I am thinking whether there is a behavioral change for userfaultfd_armed(vma).

collapse_single_pmd()
    collapse_scan_pmd
        max_ptes_none = collapse_max_ptes_none(cc, vma)
        max_ptes_none = KHUGEPAGED_MAX_PTES_LIMIT                --- (1)
        mthp_collapse
            max_ptes_none = collapse_max_ptes_none(cc, NULL)     --- (2)
            collapse_huge_page(mm)
                hugepage_vma_revalidate(&vma)
                __collapse_huge_page_isolate(vma)
                    max_ptes_none = collapse_max_ptes_none(cc, vma)

Before mthp_collapse() introduced, userfaultfd_armed(vma) is skipped if there
is any pte_none_or_zero() in collapse_scan_pmd().

But now, max_ptes_none could be set to KHUGEPAGED_MAX_PTES_LIMIT at (1), so
that we can scan all the pte to get the bitmap.
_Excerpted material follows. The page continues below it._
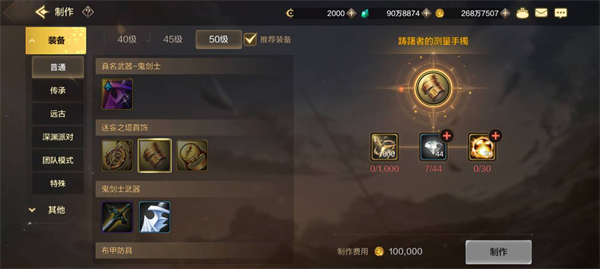 dnf����ƽ��ʵʱװ����ȡ;��һ��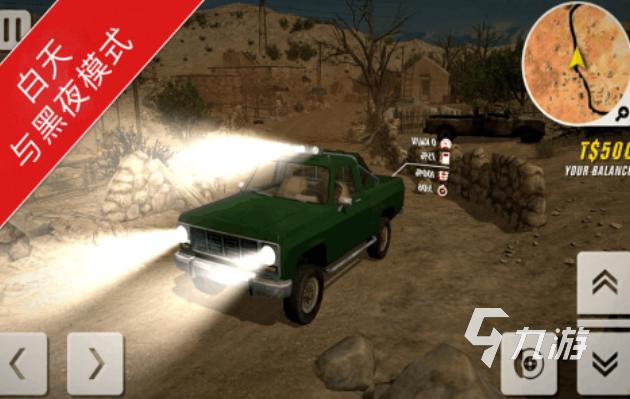 免费的沙漠游戏下载合集 流行的沙漠游戏有哪些2025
This means
userfaultfd_armed(vma) could continue even with pte_none_or_zero().

Then in mthp_collapse(), collapse_max_ptes_none() at (2) ignores
userfaultfd_armed(vma), which means it will continue to collapse a
userfaultfd_armed(vma) when there is pte_none_or_zero(). 

The good news is we will stop at __collapse_huge_page_isolate(), where we
get collapse_max_ptes_none() with vma. But we already did a lot of work.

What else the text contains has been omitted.